U.S. Department of Homeland Security
Detainees prepare to board the first U.S. military aircraft to Guantánamo Bay, Cuba, on Feb. 4.

Venezuelan migrants who had been detained at the Guantánamo Bay Naval Station have been flown to Honduras and will be transferred next to Venezuela, the U.S. Department of Homeland Security said Thursday.

DHS spokeswoman Tricia McLaughlin told The Washington Post that the 177 Venezuelan migrants being deported represent the “worst of the worst.”

More than three weeks have passed since the first flight of migrants from the United States to Guantánamo on Feb. 4. The unprecedented move to send migrants to the naval base by the Trump administration began as U.S.-based immigration detention facilities were filling up and the administration attempted to fulfill its promise to launch the largest deportation operation in U.S. history.

A Post investigation into six migrants found that only one of them had a criminal record. None of those six appeared to have connections to the Venezuelan-based Tren de Aragua gang, based on a search of records and interviews with migrants’ family members.

Enrique Reina, the secretary of foreign relations for Honduras, characterized the effort as a joint operation among the United States, Venezuela and Honduras, showing photos of two planes that were transporting the migrants on X. Reina did not make clear in his statement that the migrants were coming from Guantánamo.

“We are and we will keep working together,” said Javier Bu Soto, the Honduran ambassador to the United States, on X, adding the hashtag “diplomacy works” to Reina’s announcement.

Migrants were being held in Guantánamo in two separate parts of the base. As of Thursday morning, there were 126 migrants held in the military’s Camp 6 who were considered “high threat,” according to the government’s recent court filing in a lawsuit.

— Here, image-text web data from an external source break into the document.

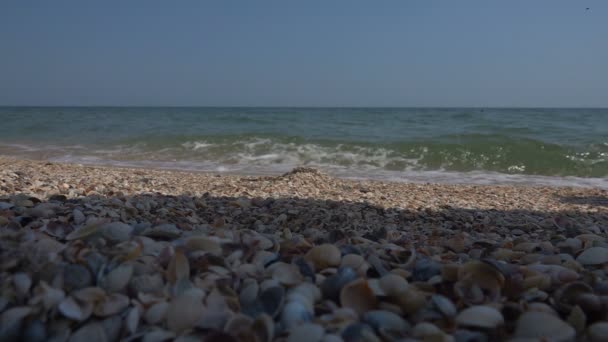 Deniz kıyısında deniz dalgası. Yavaş çekim — Stok video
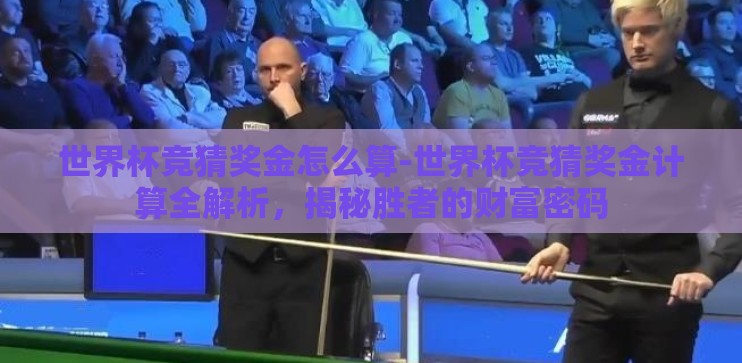 世界杯竞猜奖金怎么算-世界杯竞猜奖金计算全解析，揭秘胜者的财富密码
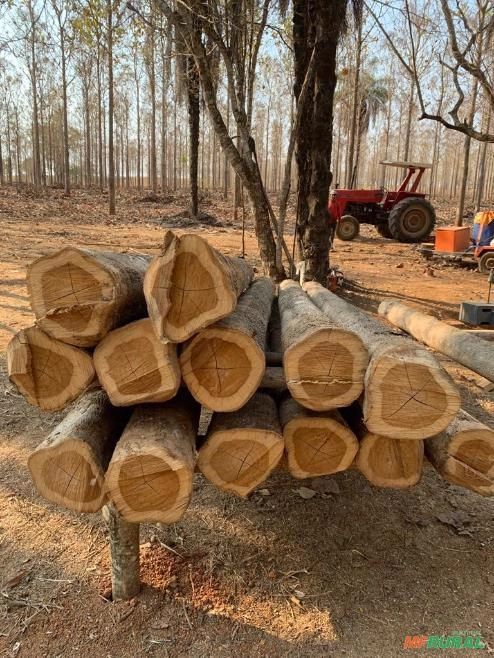 Madeira Teca Serrada Imagem Madeira Teca Serrada
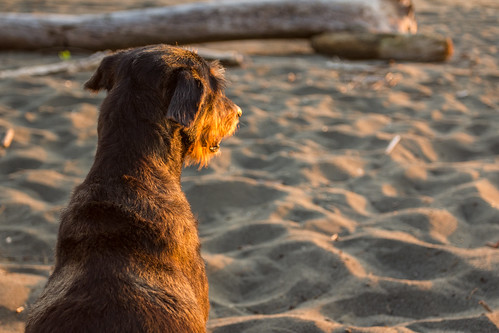 beach dogs costarica playamatapalo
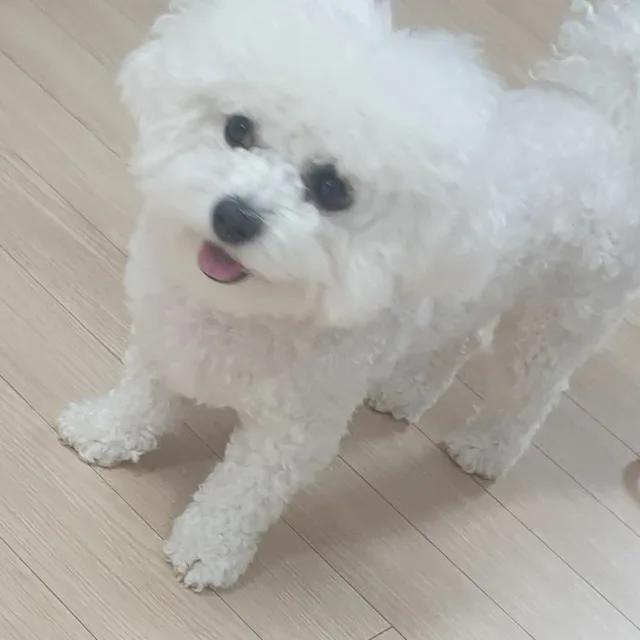 루나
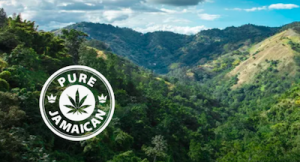 Pure Jamaican's Pharma Division Seven10 Nears Start of Exportation of Pharmaceutical Cannabis Ingredients to Mexico With Mexican Senate's Approval of Cannabis Legislation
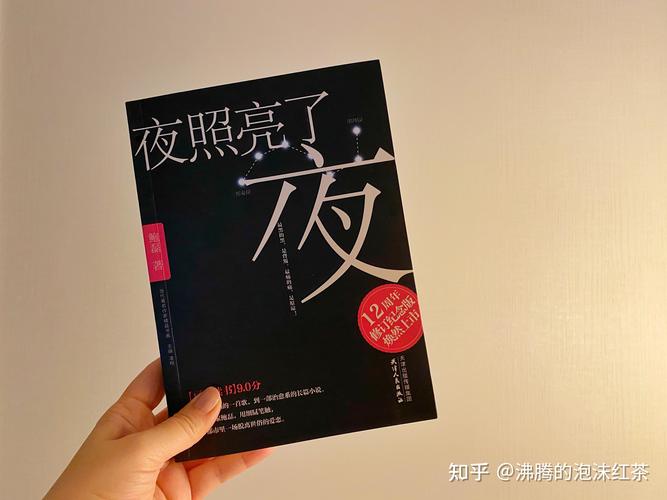 照亮我心灵的一束光满分作文（《照亮我心灵的一本书》）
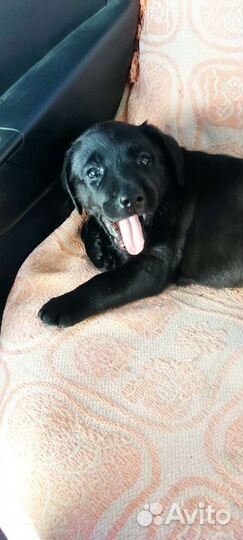 Лабрадор ретривер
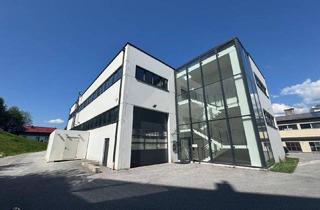 Büro zu mieten in 5400 Hallein, ERSTBEZUG | 404 m2 Büro- Ausstellungs- Fitnessflächen | in Hallein - Salzburg Süd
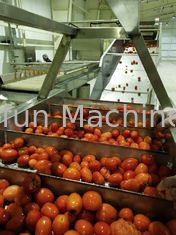 L'eau filtrant concentrant la chaîne de fabrication de tomate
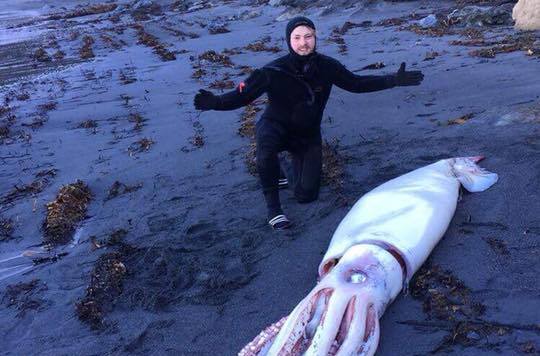 В Новой Зеландии на берег выбросило гигантского кальмара 3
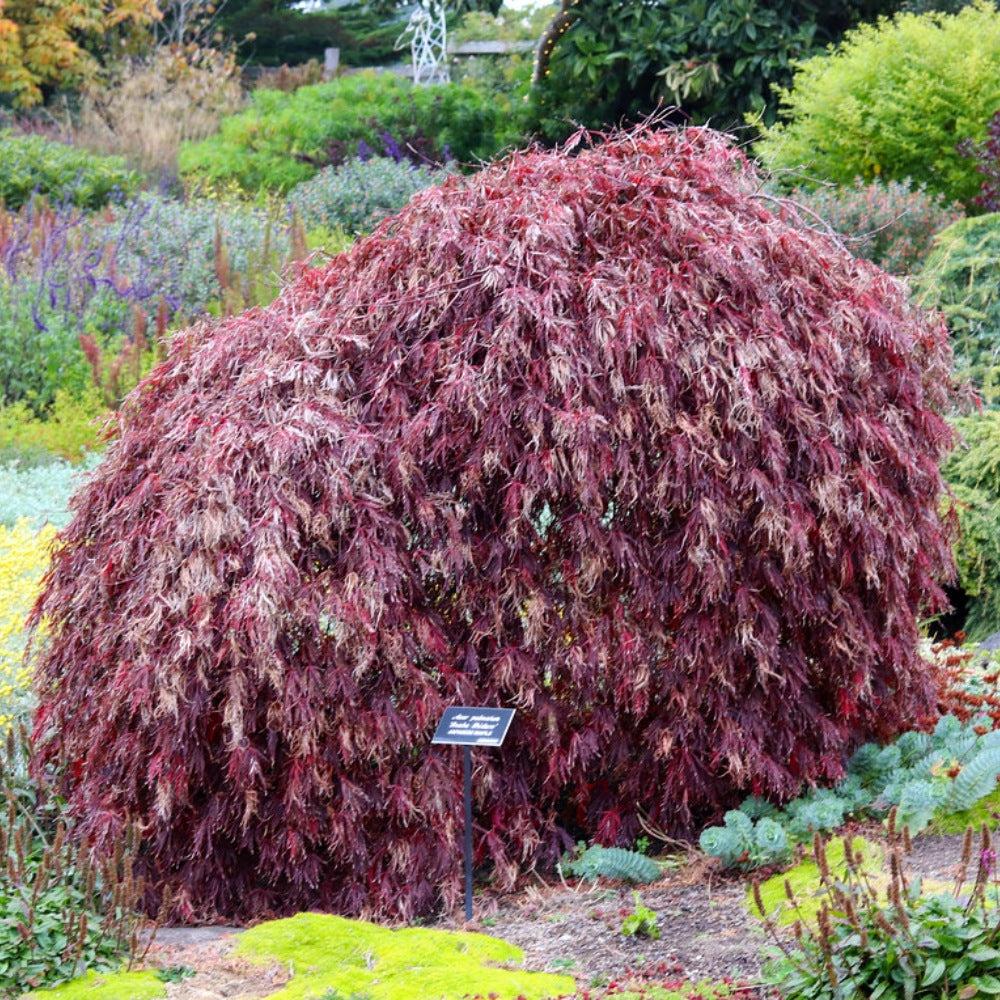 Acer Palmatum Dissectum 'Inaba Shidare' (Weeping Japanese Maple)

McLaughlin said 80 of them had a Tren de Aragua affiliation.

That detention space has historically held suspected terrorists.

Fifty-one of the migrants – or nearly one third of the total migrant population there – were considered “non-criminals” by the administration and were held in the Migrant Operations Center, which has held small numbers of migrants intercepted at sea by the U.S. Coast Guard.